It’s a wonder there’s any time for actual learning at many American colleges today, given the social justice issues — and more — that are swirling around the campuses. Take the legal issues at the campus of the University of South California (USC) in Los Angeles.
USC is under federal investigation by the Department of Education’s Office for Civil Rights (OCR) due to a complaint that some educational programs were biased against male students. Four USC initiatives are being examined, including the Smart Women’s Securities chapter and the Women in Science and Engineering (WiSE) chapter.
The university for years let gynecologist George Tyndall continue treating students at the campus health clinic despite numerous complaints about his behavior, as the Los Angeles Times first reported in May. He is now under investigation by the Los Angeles Police Department.
Now, there are reports USC has been ordered to pay an unidentified male student $11,965 in court costs after a judge found that the university had conducted a biased investigation against him.
The male student, identified in court documents only as John Doe, was investigated for allegedly assaulting a female student; the university then expelled him. After Doe brought legal action against the university, the court discovered that USC had taken an “adversarial position” against him, as Campus Reform noted.
Judge Elizabeth Allen White rendered the judgment in late June. One of the most disturbing court findings is that the male student in question and his adviser were referred to as “mother f***ers” by USC Title IX officers. The lawsuit alleged the officers referred to the female student who claimed the assault as “cute,” “intelligent” and “a catch.”
The judge determined that “USC did not allow the male student to review all evidence against him, withheld contradictory information from its initial report against the male student, and failed to interview a potential first-hand witness to the alleged assault.”
Judge White in her ruling also suggested that male students may benefit from the decision because of its implication for due process rights at universities.

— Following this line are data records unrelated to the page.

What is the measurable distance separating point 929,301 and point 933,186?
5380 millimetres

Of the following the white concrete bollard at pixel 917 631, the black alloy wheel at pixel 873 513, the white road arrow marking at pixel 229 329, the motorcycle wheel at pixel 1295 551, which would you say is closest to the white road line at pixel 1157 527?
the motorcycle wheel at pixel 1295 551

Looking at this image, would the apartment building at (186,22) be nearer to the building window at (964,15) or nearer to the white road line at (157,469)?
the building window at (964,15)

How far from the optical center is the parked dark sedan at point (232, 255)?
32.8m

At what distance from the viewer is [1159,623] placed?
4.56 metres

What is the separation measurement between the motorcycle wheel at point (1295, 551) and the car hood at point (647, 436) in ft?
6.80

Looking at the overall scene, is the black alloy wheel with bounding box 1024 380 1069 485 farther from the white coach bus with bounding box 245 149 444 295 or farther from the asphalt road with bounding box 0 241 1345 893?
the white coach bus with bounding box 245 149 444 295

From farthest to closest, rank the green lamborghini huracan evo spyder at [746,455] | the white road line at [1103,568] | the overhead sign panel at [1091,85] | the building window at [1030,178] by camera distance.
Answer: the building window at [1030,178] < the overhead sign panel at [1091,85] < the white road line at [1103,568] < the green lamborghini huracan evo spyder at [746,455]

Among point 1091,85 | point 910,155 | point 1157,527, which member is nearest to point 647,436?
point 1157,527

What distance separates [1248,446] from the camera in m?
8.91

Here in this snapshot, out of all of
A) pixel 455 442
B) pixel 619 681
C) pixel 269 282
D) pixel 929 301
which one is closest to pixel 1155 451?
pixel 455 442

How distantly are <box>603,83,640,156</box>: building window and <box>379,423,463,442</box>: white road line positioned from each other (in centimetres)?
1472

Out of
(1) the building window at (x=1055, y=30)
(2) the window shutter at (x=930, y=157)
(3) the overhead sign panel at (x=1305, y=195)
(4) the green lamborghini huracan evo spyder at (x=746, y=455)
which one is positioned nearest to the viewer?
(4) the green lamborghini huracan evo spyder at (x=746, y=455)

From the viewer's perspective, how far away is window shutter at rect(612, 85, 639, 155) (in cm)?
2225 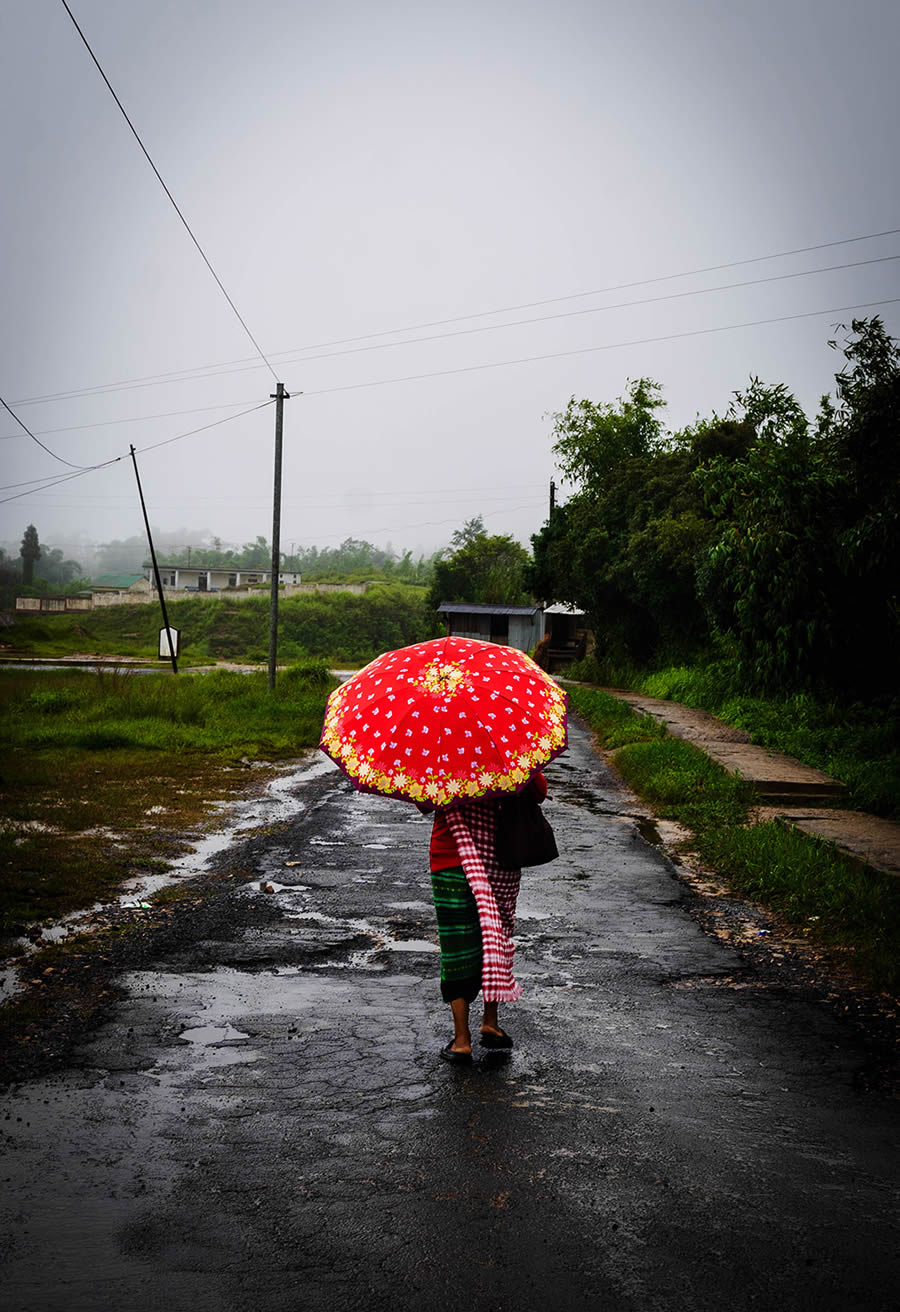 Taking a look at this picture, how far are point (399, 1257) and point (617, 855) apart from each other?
6.68 m

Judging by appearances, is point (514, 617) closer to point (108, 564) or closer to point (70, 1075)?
point (70, 1075)

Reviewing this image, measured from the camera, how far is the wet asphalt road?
9.45 ft

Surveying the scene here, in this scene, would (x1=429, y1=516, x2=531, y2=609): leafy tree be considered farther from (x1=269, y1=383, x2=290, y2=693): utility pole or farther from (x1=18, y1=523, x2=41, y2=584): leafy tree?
(x1=269, y1=383, x2=290, y2=693): utility pole

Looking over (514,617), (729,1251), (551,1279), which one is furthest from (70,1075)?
(514,617)

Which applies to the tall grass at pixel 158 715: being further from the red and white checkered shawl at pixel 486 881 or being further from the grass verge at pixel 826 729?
the red and white checkered shawl at pixel 486 881

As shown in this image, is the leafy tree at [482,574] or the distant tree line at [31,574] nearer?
the distant tree line at [31,574]

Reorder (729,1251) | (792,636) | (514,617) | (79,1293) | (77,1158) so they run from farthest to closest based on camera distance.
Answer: (514,617), (792,636), (77,1158), (729,1251), (79,1293)

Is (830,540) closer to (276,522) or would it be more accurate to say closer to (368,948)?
(368,948)

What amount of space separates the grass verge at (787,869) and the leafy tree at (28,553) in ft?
158

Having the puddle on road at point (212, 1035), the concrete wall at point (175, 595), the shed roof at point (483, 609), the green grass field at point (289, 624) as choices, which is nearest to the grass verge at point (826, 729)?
the puddle on road at point (212, 1035)

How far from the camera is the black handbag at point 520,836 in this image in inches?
181

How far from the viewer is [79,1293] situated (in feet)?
9.20

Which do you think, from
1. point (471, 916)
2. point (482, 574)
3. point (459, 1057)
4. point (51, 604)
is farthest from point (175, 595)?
point (459, 1057)

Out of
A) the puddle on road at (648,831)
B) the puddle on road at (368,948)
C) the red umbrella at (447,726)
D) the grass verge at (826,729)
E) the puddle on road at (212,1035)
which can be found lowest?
Answer: the puddle on road at (648,831) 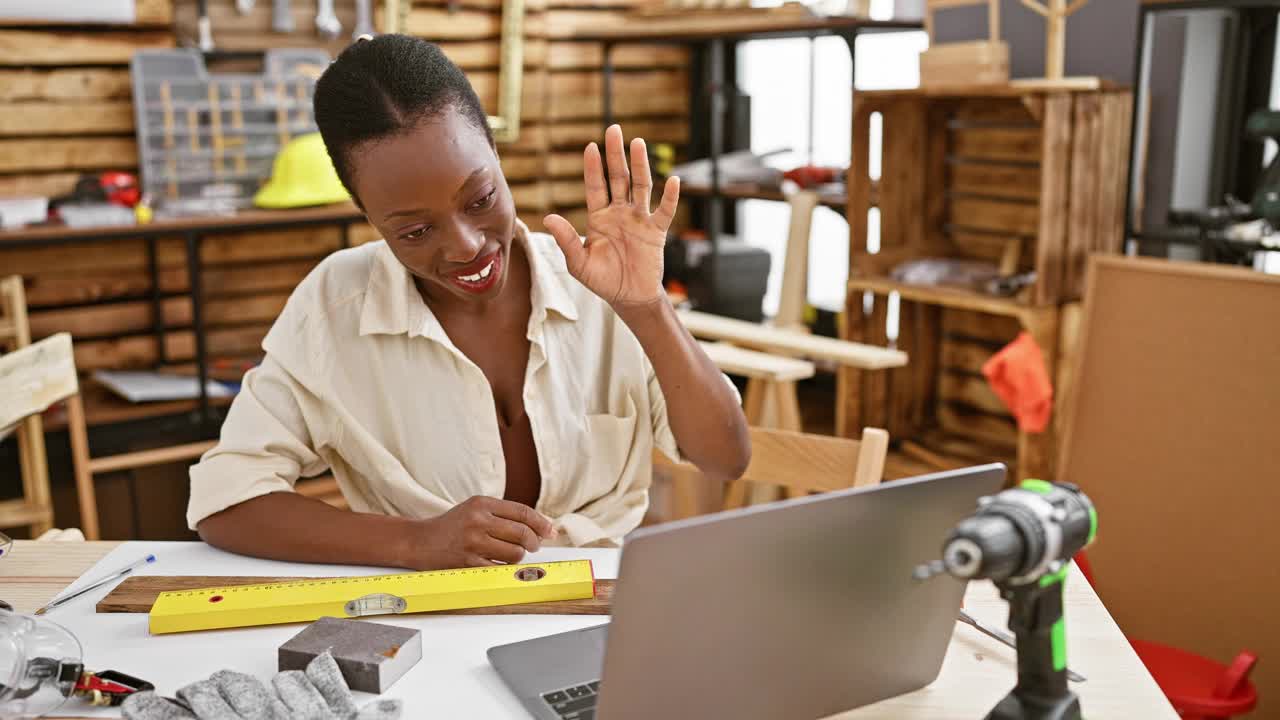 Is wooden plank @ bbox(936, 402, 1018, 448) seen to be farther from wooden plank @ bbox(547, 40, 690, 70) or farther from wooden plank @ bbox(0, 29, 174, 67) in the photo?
wooden plank @ bbox(0, 29, 174, 67)

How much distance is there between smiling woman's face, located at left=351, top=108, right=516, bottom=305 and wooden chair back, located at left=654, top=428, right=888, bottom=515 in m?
0.47

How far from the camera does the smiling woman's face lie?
145cm

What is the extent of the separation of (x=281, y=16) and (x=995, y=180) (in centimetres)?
245

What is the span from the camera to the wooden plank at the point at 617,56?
4.94 meters

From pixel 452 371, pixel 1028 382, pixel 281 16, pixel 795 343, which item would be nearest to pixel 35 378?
pixel 452 371

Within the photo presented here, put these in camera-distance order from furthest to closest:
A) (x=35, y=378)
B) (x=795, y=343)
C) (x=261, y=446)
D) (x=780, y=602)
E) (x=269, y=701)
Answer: (x=795, y=343) → (x=35, y=378) → (x=261, y=446) → (x=269, y=701) → (x=780, y=602)

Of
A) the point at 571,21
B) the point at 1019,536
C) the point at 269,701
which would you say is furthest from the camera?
the point at 571,21

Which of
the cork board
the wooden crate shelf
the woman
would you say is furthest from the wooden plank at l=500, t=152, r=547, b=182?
the woman

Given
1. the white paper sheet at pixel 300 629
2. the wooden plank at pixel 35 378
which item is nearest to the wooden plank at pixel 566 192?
the wooden plank at pixel 35 378

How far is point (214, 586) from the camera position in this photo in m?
1.41

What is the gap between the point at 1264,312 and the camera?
260 cm

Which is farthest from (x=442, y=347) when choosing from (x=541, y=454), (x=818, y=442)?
(x=818, y=442)

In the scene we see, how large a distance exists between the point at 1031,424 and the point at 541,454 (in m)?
1.89

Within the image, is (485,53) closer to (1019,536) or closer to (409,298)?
(409,298)
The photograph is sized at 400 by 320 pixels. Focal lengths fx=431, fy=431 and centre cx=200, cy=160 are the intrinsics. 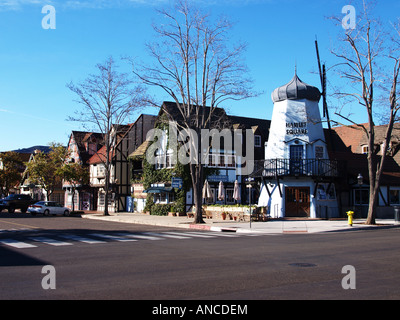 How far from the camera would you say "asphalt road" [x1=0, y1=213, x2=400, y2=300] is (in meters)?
7.64

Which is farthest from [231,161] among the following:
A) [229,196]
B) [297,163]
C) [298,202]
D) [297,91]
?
[297,91]

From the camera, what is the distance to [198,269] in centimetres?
1023

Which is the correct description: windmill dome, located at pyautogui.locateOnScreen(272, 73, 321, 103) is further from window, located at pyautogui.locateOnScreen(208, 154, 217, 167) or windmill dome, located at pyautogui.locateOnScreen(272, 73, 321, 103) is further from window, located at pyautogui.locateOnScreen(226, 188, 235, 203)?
window, located at pyautogui.locateOnScreen(226, 188, 235, 203)

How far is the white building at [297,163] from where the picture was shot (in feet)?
107

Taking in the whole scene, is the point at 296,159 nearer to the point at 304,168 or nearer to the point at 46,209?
the point at 304,168

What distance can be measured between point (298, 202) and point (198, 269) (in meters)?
23.8

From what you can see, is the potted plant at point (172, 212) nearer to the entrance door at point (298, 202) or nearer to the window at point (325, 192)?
the entrance door at point (298, 202)

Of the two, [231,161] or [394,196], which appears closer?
[394,196]

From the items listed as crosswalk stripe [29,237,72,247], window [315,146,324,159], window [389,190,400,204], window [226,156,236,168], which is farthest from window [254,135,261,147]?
crosswalk stripe [29,237,72,247]

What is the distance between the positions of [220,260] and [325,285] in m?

“The Court also finds that a significant non-pecuniary [pain and suffering] benefit has been conferred upon a large class of persons — namely, individuals at USC who are accused of violating USC’s sexual misconduct policy where a Title IX investigation is conducted,” the ruling said.
“In granting the petition, this court found, among other things, that, not only was USC’s Title IX Office improperly biased against petitioner … but also that USC’s Title IX coordinator held an adversarial position in relation to petitioner, rendering her advisory role with the purportedly neutral Student Equity Review Panel improper,” it continued.
LifeZette reached out to the university for comment.
“The judge’s finding was based on the specifics of this particular investigation, and it is being re-done in accordance with the judge’s order,” a university spokesperson told LifeZette by email. “No broader issues were identified. USC’s policies are administered in fairness to all parties with decisions based on the evidence.”
Title IX of the Education Amendments of 1972 holds that “no person in the United States shall, on the basis of sex, be excluded from participation in, be denied the benefits of, or be subjected to discrimination under any education program or activity receiving federal financial assistance.”
Department of Education Secretary Betsy Devos withdrew Obama-era campus sexual-assault guidance in September 2017.
“This interim guidance will help schools as they work to combat sexual misconduct and will treat all students fairly,” DeVos said in a statement. “Schools must continue to confront these horrific crimes and behaviors head-on. There will be no more sweeping them under the rug. But the process also must be fair and impartial, giving everyone more confidence in its outcomes.”